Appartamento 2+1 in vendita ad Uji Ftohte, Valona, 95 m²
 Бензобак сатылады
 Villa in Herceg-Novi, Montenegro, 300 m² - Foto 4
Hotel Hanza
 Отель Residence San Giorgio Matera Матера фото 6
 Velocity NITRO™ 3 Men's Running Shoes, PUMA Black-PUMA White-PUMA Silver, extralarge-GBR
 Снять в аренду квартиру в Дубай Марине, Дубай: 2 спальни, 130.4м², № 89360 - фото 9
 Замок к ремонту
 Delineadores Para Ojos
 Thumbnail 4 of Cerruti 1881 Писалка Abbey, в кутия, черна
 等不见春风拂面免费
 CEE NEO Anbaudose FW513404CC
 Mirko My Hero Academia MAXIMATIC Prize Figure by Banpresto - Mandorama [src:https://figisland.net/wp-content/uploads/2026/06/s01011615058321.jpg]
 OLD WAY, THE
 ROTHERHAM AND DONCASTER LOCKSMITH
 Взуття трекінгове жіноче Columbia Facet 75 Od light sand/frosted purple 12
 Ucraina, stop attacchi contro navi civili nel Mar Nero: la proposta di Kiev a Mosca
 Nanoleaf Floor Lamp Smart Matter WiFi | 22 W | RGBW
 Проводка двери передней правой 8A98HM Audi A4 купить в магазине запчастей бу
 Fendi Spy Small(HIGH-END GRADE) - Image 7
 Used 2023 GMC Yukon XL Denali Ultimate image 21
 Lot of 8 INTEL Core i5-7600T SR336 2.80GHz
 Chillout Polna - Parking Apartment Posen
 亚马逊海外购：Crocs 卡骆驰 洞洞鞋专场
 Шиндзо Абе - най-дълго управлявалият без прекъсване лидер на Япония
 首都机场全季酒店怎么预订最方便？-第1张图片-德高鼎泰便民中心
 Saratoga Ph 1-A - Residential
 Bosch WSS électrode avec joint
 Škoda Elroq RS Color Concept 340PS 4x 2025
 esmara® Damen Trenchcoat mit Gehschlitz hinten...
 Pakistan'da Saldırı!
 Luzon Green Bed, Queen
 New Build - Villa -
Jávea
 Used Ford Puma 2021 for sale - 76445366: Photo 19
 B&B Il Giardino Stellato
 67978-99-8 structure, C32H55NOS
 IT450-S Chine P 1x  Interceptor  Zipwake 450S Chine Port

_GOAL OF THE EXERCISE:_
Recopy all of the records verbatim.

_REPLY TO THE EXERCISE:_
Appartamento 2+1 in vendita ad Uji Ftohte, Valona, 95 m²
 Бензобак сатылады
 Villa in Herceg-Novi, Montenegro, 300 m² - Foto 4
Hotel Hanza
 Отель Residence San Giorgio Matera Матера фото 6
 Velocity NITRO™ 3 Men's Running Shoes, PUMA Black-PUMA White-PUMA Silver, extralarge-GBR
 Снять в аренду квартиру в Дубай Марине, Дубай: 2 спальни, 130.4м², № 89360 - фото 9
 Замок к ремонту
 Delineadores Para Ojos
 Thumbnail 4 of Cerruti 1881 Писалка Abbey, в кутия, черна
 等不见春风拂面免费
 CEE NEO Anbaudose FW513404CC
 Mirko My Hero Academia MAXIMATIC Prize Figure by Banpresto - Mandorama [src:https://figisland.net/wp-content/uploads/2026/06/s01011615058321.jpg]
 OLD WAY, THE
 ROTHERHAM AND DONCASTER LOCKSMITH
 Взуття трекінгове жіноче Columbia Facet 75 Od light sand/frosted purple 12
 Ucraina, stop attacchi contro navi civili nel Mar Nero: la proposta di Kiev a Mosca
 Nanoleaf Floor Lamp Smart Matter WiFi | 22 W | RGBW
 Проводка двери передней правой 8A98HM Audi A4 купить в магазине запчастей бу
 Fendi Spy Small(HIGH-END GRADE) - Image 7
 Used 2023 GMC Yukon XL Denali Ultimate image 21
 Lot of 8 INTEL Core i5-7600T SR336 2.80GHz
 Chillout Polna - Parking Apartment Posen
 亚马逊海外购：Crocs 卡骆驰 洞洞鞋专场
 Шиндзо Абе - най-дълго управлявалият без прекъсване лидер на Япония
 首都机场全季酒店怎么预订最方便？-第1张图片-德高鼎泰便民中心
 Saratoga Ph 1-A - Residential
 Bosch WSS électrode avec joint
 Škoda Elroq RS Color Concept 340PS 4x 2025
 esmara® Damen Trenchcoat mit Gehschlitz hinten...
 Pakistan'da Saldırı!
 Luzon Green Bed, Queen
 New Build - Villa -
Jávea
 Used Ford Puma 2021 for sale - 76445366: Photo 19
 B&B Il Giardino Stellato
 67978-99-8 structure, C32H55NOS
 IT450-S Chine P 1x  Interceptor  Zipwake 450S Chine Port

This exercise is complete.